* [DATA]

#####

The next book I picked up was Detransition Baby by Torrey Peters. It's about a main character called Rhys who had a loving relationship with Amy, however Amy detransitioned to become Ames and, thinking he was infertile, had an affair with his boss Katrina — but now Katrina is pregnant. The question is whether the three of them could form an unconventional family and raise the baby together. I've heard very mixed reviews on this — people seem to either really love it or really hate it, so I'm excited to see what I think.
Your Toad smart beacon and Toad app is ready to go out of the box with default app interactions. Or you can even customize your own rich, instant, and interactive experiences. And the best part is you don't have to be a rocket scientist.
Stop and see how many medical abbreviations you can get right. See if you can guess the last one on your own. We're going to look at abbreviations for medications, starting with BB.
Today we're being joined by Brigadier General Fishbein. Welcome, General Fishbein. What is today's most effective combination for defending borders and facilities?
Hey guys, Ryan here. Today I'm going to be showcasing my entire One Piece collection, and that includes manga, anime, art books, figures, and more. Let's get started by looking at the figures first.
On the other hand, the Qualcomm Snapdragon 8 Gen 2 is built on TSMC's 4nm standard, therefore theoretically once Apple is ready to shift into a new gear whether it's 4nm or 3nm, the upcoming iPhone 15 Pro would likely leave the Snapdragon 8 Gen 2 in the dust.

#####

* [DIRECTIONS FOR THIS TASK] What is the number of lines in the records that contain "with"? State that number alone.

* [RESPONSE TO THIS TASK] 3